Introduction to Mandelbrot Viewer

Back in the early days of fractals the Mandelbrot fractal used to be an expensive set of equations to compute, but with modern computers it’s possible to run these calculations ridiculously fast. In the late 1980s a home computer could calculate a mandelbrot fractal… very slowly. 8 minutes for one frame back then.

In the 1990s I remember the speeds increasing so that it only took a few seconds to render the fractal, and eventually it became possible to render the mandelbrot in realtime, at low resolution, using a bunch of clever hacks. By the 2000s you could render a near-realtime fractal using a standard computer program with a tight loop written in C++. Today the same program runs at lightning speed on a GPU, but fast enough in javascript to be a very useable fractal viewer.

So here’s a quick screenshot of the fractal viewer I’ve put together for this website:

The mandlebrot viewer in action

To navigate the fractal you’ll need a mouse and keyboard (no touch controls yet). The keyboard controls are: Arrow keys to move around, Shift-Up or Shift-Down to zoom, numbers 1-5 to change the palette. The mouse controls are: Click and drag to move, mousewheel to zoom.

Once you’ve found your bearings there’s a few menus on the top left that allow you to tweak and view various things.

First up the settings menu:

The settings menu

At the top you have basic information about the canvas size, the mode (more later), the X and Y coordinates and the zoom level. The Settings panel largely controls the colouring of the fractal.

Smooth shading eliminates the bands you see in a basic mandelbrot fractal

aaEnabled multisamples each point on the screen to give a smoother resultant renderer

Offset and Multiplier control the gradient used to render the fractal. Increasing the multiplier will use the gradient multiple times, offset will change the starting point of the gradient (0->1).

Julia mode switches the whole system to a Julia rendered

The Max Iterations text input controls how many times we iterate the mandelbrot formula. Default is 256. Increasing this number increases the time it takes to render the fractal, but reveals more detail that you won’t have seen before.

Fullscreen is useful if you’re trying to render a specific size for instagram etc.

Next up we have the Julia Selector:

The Julia Selector Screen

The Julia selector screen is used to select the julia x/y parameters when changing the fractal viewer over to Julia Mode. If you zoom out on the mandelbrot you can run the mouse cursor around the edge of the mandelbrot set to see the different types of julia sets that correspond to those coordinates. I’ll talk about this in more detail another time.

And finally we have the Orbit Viewer:

The Orbit Viewer screen

The orbit viewer shows you visually what is happening during each iteration of the mandelbrot formula. The circle shows the circle of radius 1. We flag a point as having escaped when it exceeds the circle of radius 2.
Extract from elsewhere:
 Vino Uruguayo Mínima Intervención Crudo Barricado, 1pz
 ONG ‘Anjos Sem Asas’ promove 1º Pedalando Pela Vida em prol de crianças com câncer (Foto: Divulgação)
You can click the “Select Orbit Mode” to toggle between orbit updates on click, or when you move the mouse. It’s quite interesting to explore when you zoom out on the fractal as the orbits show definite patterns which I’ll discuss in a seperate article.

Other Tricks

The mandelbrot viewer can also be linked to with a query string so that you can share a specific part of the mandelbrot fractal with other folks. As you navigate around the fractal the URL updates, so just copy and paste that into twitter if you’d like to share a specific location.

I’ll probably continue to tweak the application from time to time, so apologies if these instructions are slightly out of date.